Baca Juga: Ketua PC PMII Blitar Mengecam Keras Penganugerahan Gelar Pahlawan kepada Terduga Pelanggar HAM
Sementara itu, Dr. Dian Ferricha menyampaikan bahwa prosedur penganugerahan gelar memang melibatkan mekanisme seleksi ketat, namun transparansi dan objektivitas negara juga harus diuji.
“Ketika sebuah keputusan negara memicu pertanyaan publik, itu tanda bahwa ada ruang yang perlu diperbaiki. Penilaian terhadap rekam jejak pelanggaran HAM, dugaan penyalahgunaan kekuasaan, atau praktik korupsi tidak boleh diabaikan, terlebih jika menyangkut figur penting dalam sejarah negara,” jelasnya.
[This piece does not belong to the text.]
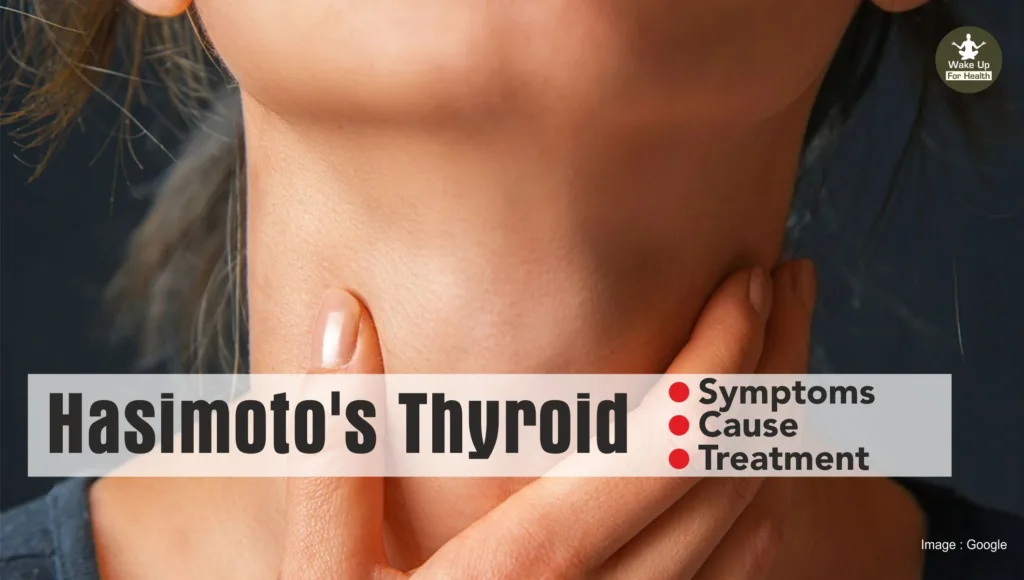 Hashimoto's Thyroiditis: Symptoms, Causes, and Treatments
Ketua PKC PMII Jawa Timur, M. Ivan Akiedozawa, juga menyoroti risiko inflasi gelar dan dampaknya terhadap generasi muda.
“Di era ini, gelar pahlawan bukan sekadar penghargaan, tetapi simbol identitas moral bangsa. Jika simbol itu diberikan tanpa kepastian integritas, generasi muda akan kehilangan orientasi. Kita berpotensi memasuki krisis kepahlawanan,” ujarnya.
Dari rangkaian pemaparan tersebut, muncul sorotan tajam bahwa rekam jejak Soeharto masih menyisakan banyak luka sejarah, termasuk persoalan HAM berat seperti peristiwa 1965–1966 hingga tragedi 1998, serta praktik korupsi dan nepotisme sepanjang 32 tahun Orde Baru.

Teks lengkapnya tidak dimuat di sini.